▸ **Exercise objective**: In the records below, locate the line containing "Five construction workers", then output that line and all later lines exactly, through the last one.

⁂

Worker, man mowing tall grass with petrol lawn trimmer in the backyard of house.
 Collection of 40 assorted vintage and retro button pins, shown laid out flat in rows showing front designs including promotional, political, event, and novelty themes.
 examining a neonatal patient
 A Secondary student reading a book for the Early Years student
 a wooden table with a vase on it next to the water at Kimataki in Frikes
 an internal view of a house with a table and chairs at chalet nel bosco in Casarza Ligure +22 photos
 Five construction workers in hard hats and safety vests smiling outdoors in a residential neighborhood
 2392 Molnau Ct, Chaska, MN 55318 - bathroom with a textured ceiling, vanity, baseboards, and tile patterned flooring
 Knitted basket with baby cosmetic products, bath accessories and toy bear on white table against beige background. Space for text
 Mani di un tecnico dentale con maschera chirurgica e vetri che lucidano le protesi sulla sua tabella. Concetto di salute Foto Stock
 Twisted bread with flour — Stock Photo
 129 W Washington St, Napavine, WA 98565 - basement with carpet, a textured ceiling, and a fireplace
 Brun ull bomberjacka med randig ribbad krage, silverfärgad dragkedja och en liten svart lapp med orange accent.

⁂

▸ **Exercise solution**:
 Five construction workers in hard hats and safety vests smiling outdoors in a residential neighborhood
 2392 Molnau Ct, Chaska, MN 55318 - bathroom with a textured ceiling, vanity, baseboards, and tile patterned flooring
 Knitted basket with baby cosmetic products, bath accessories and toy bear on white table against beige background. Space for text
 Mani di un tecnico dentale con maschera chirurgica e vetri che lucidano le protesi sulla sua tabella. Concetto di salute Foto Stock
 Twisted bread with flour — Stock Photo
 129 W Washington St, Napavine, WA 98565 - basement with carpet, a textured ceiling, and a fireplace
 Brun ull bomberjacka med randig ribbad krage, silverfärgad dragkedja och en liten svart lapp med orange accent.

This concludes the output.